Research and Practice for Persons with Severe Disabilities
- Discipline: Special education
- Language: English
- Edited by: Martin Agran

Publication details
- Former names: Journal of the Association for Persons with Severe Handicaps, Journal of the Association for the Severely Handicapped, AAESPH Review
- History: 1976-present
- Publisher: SAGE Publications on behalf of TASH
- Frequency: Quarterly
- Impact factor: 1.778 (2017)

Standard abbreviations
- ISO 4: Res. Pract. Pers. Sev. Disabil.

Indexing
- ISSN: 1540-7969 (print) 2169-2408 (web)
- LCCN: 2002211204
- OCLC no.: 60627234

Links
- Journal homepage; Online access; Online archive; Journal page at association's website;

= Research and Practice for Persons with Severe Disabilities =

Research and Practice for Persons with Severe Disabilities is a quarterly peer-reviewed academic journal that covers the fields of education and special education. It is published by SAGE Publications on behalf of TASH and the editor-in-chief is Craig Kennedy (University of Connecticut). The journal was established in 1976 as the AAESPH Review.
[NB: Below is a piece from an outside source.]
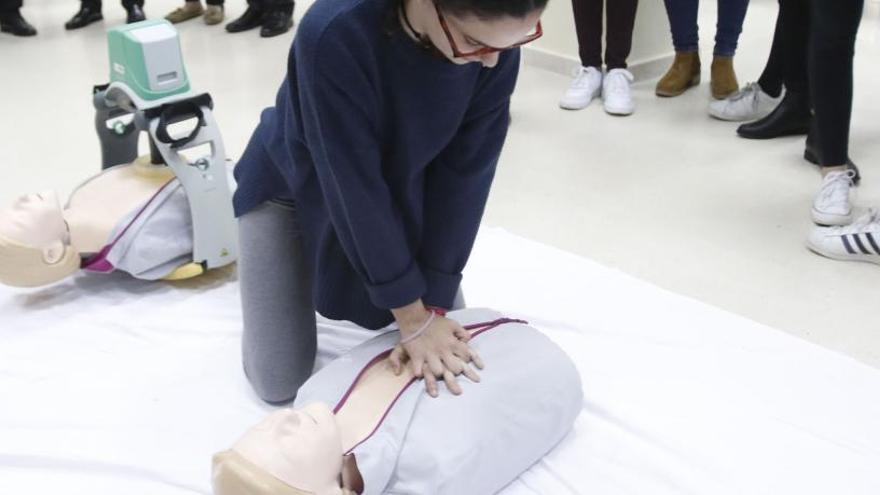 Personajes del Chuvi enseñan técnicas de reanimación cardiopulmonar.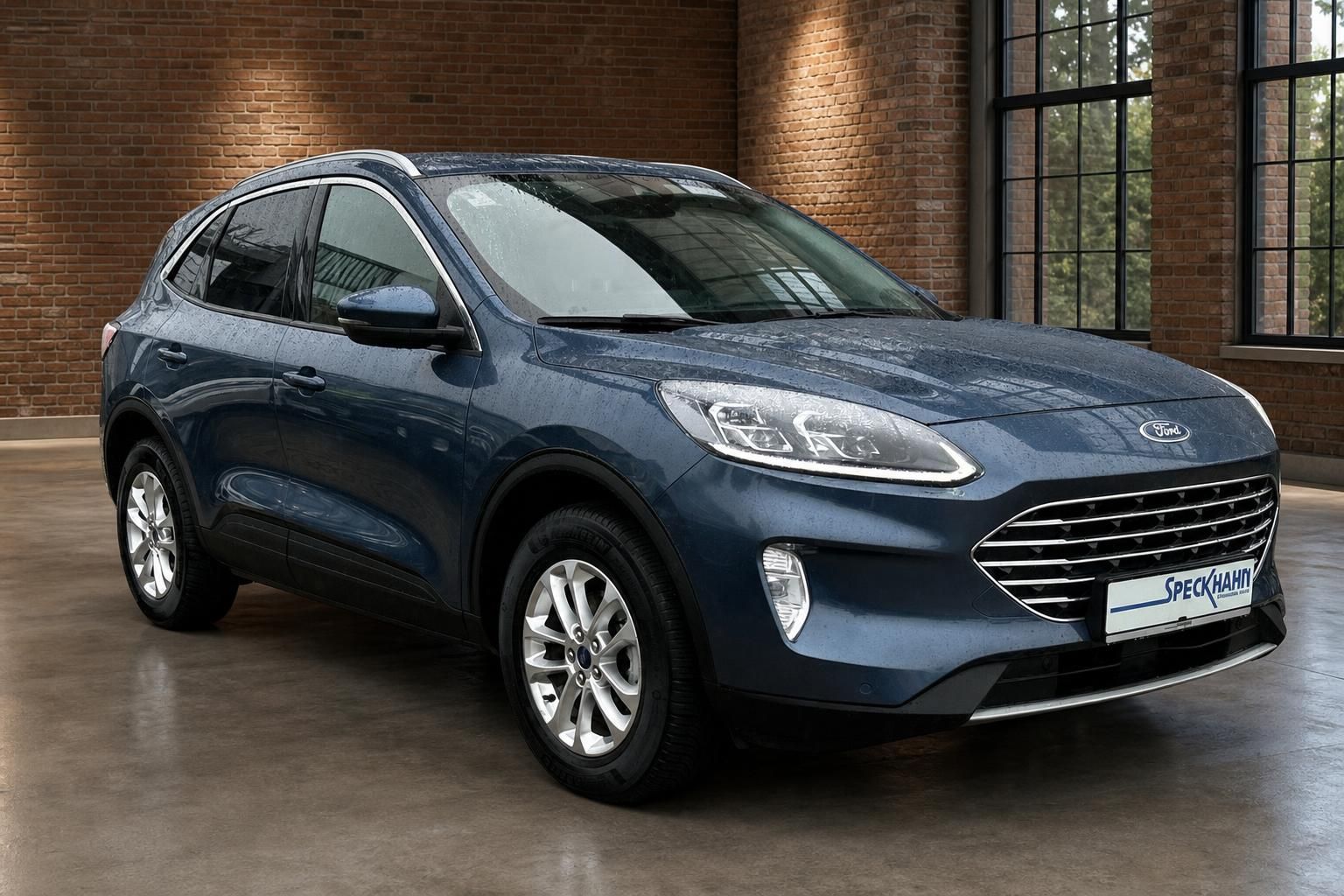 Ford Kuga Hybrid blau Frontansicht schräg rechts – SUV kaufen Autohaus Speckhahn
It was renamed in 1980 to Journal of the Association for the Severely Handicapped and in 1983 to Journal of the Association for Persons with Severe Handicaps, before obtaining its current name in 2001.

== Abstracting and indexing ==
The journal is abstracted and indexed in Scopus and the Social Sciences Citation Index. According to the Journal Citation Reports, its 2017 impact factor is 1.778, ranking it 10th out of 40 journals in the category "Education, Special" and 22nd out of 69 journals in the category "Rehabilitation".